What you need to do: Where the listing below reaches the line containing "תיק + קלמר XD Gaming כסוף של KALGAV", start writing out lines exactly, and stop once the line containing "Dgs-1210 Series Smart" has been written.

Recorded data:

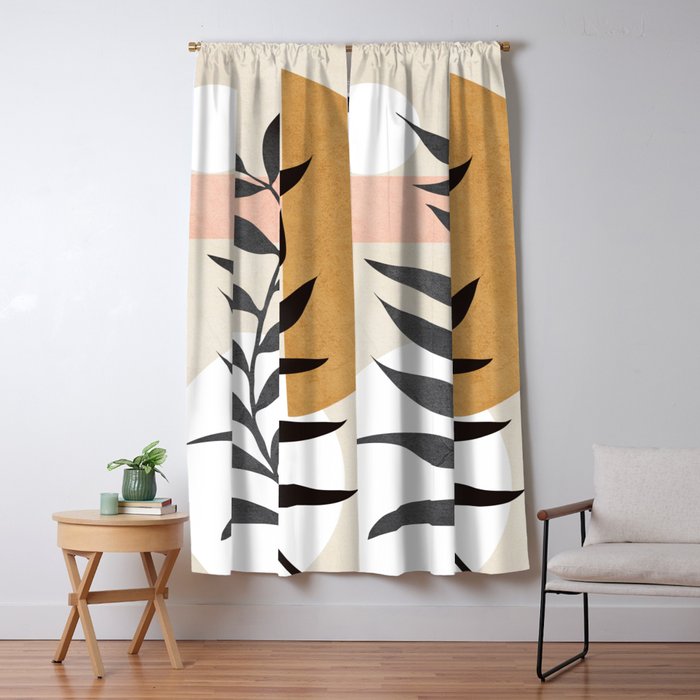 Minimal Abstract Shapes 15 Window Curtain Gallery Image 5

...

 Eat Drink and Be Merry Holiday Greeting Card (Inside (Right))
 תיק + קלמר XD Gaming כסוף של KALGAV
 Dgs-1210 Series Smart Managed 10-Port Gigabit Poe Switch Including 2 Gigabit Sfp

Expected output:
 תיק + קלמר XD Gaming כסוף של KALGAV
 Dgs-1210 Series Smart Managed 10-Port Gigabit Poe Switch Including 2 Gigabit Sfp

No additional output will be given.